DIRECTIONS FOR THIS TASK = Could you retype every line below exactly, omitting the images?

(DATA BELOW begins)

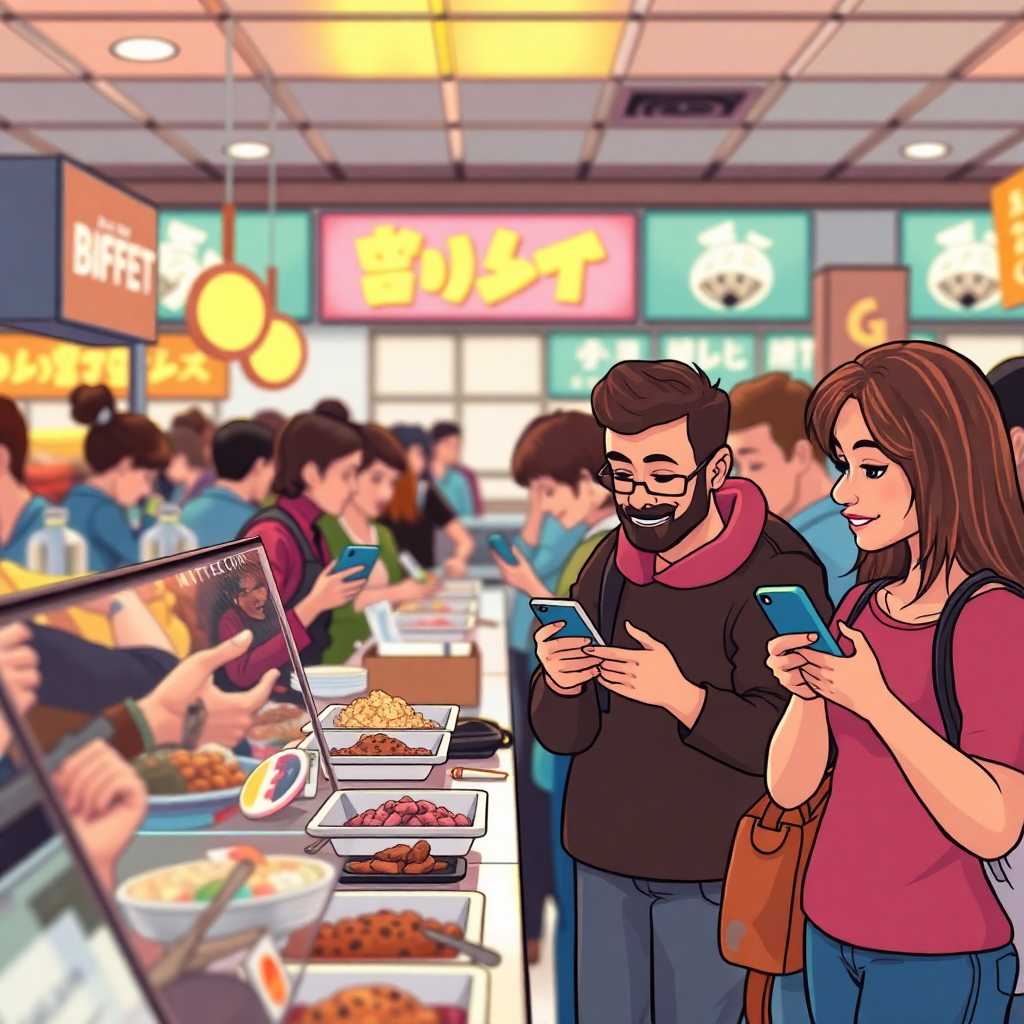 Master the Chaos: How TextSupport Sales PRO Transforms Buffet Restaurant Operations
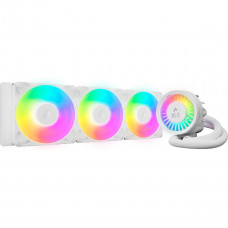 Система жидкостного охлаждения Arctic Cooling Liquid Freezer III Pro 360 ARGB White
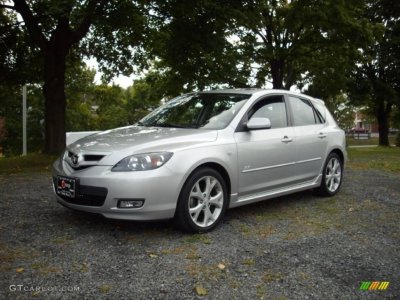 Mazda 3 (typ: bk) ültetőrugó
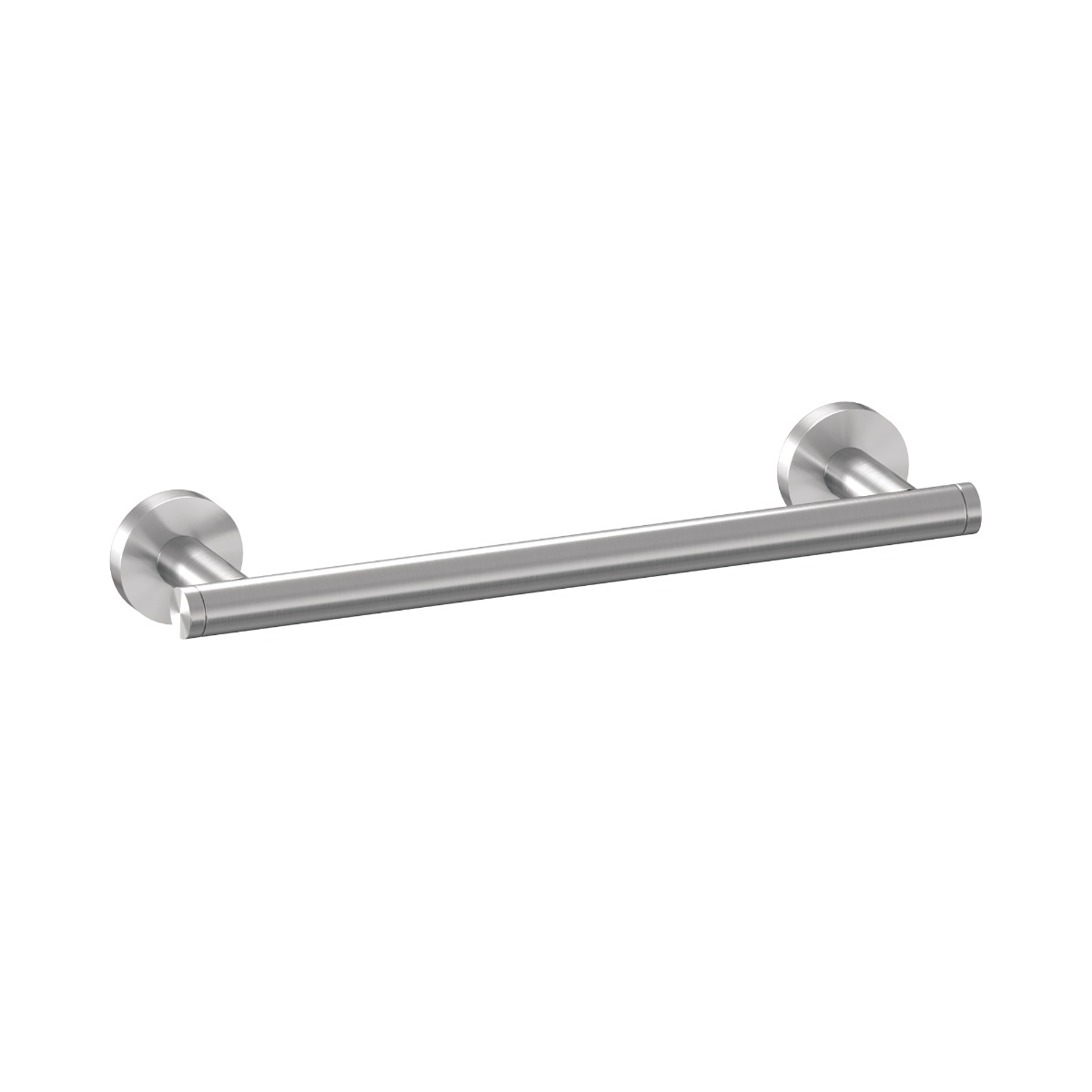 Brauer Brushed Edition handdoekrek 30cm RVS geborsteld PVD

(DATA BELOW ends)

EXERCISE RESPONSE =
 Master the Chaos: How TextSupport Sales PRO Transforms Buffet Restaurant Operations
 Система жидкостного охлаждения Arctic Cooling Liquid Freezer III Pro 360 ARGB White
 Mazda 3 (typ: bk) ültetőrugó
 Brauer Brushed Edition handdoekrek 30cm RVS geborsteld PVD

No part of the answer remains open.